Confidence Inverals

Lecture 10

Dr. Elijah Meyer

NC State University
ST 511 - Fall 2024

2024-09-23

Checklist

– Are you keeping up with Slack?

– HW-2 due tonight (11:59pm; 24-hour late window)

– Quiz-5 Wednesday (due Sunday)

Announcements

– As stated on Slack, exercise 1 and 2 are the same office budget context

– Question 5 is an extension question. This is a good example of what you could see on a take-home exam

– This week, we finish up inference with categorical variables.
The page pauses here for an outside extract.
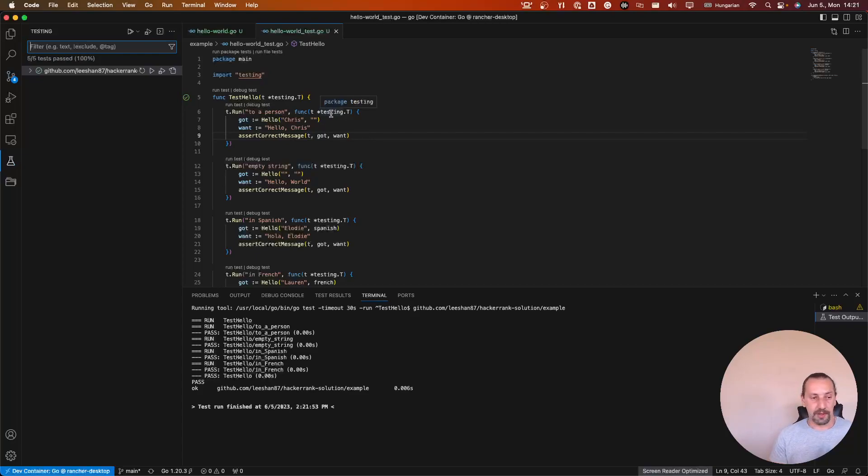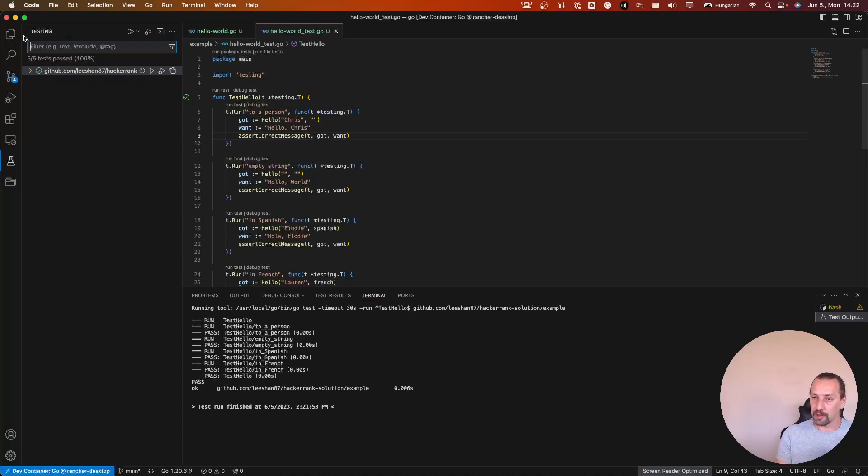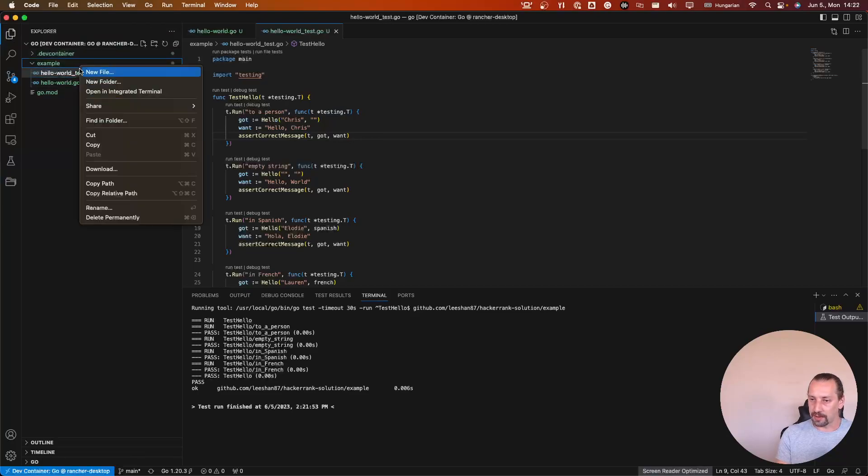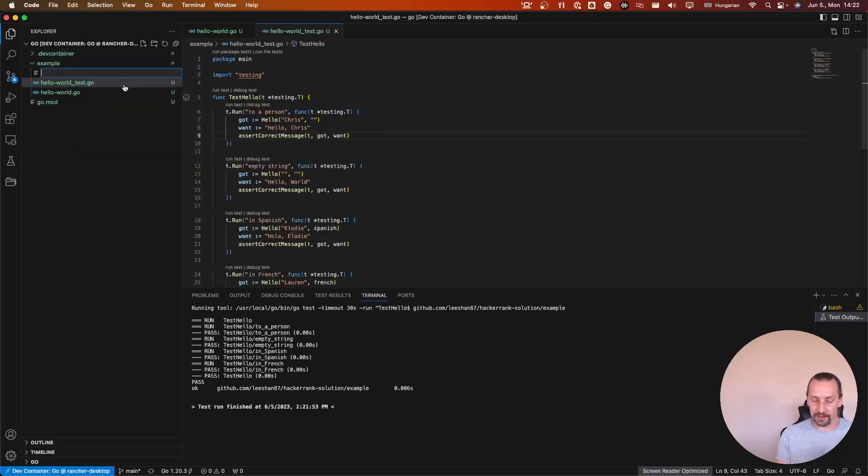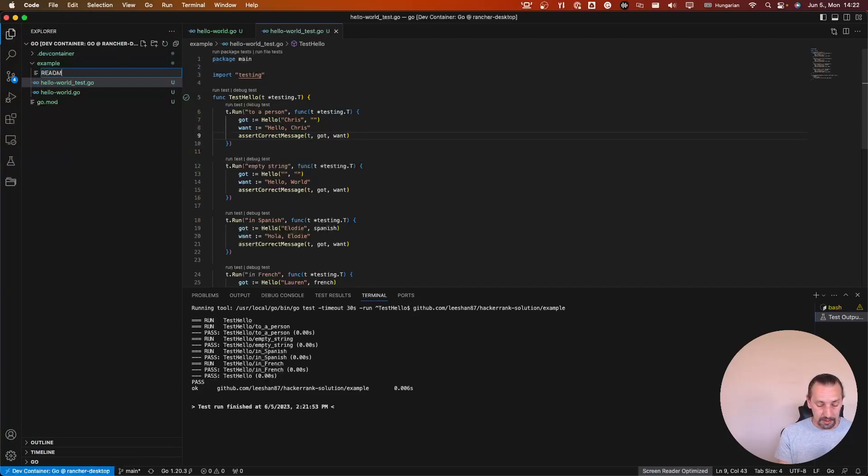Yeah, this is just initial setup for this project. And now add a new file, readme dot MD.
You have (or will have) seen each scenario (hypothesis testing + confidence intervals) using both theory based and simulation based techniques. If we don’t also explicitly cover a scenario, look for a walk through posted

Announcements

Extra credit opportunity: Prepare material for Monday (Sep-30th)

5-10 minute survey Qualtrics survey on if this applet helped!

Warm up question

What do hypothesis tests allow us to accomplish?

Why do researchers conduct hypothesis tests?

Confidence Intervals

Hypothesis testing allowed us to garner evidence if our population parameter is larger, smaller, or different than some value.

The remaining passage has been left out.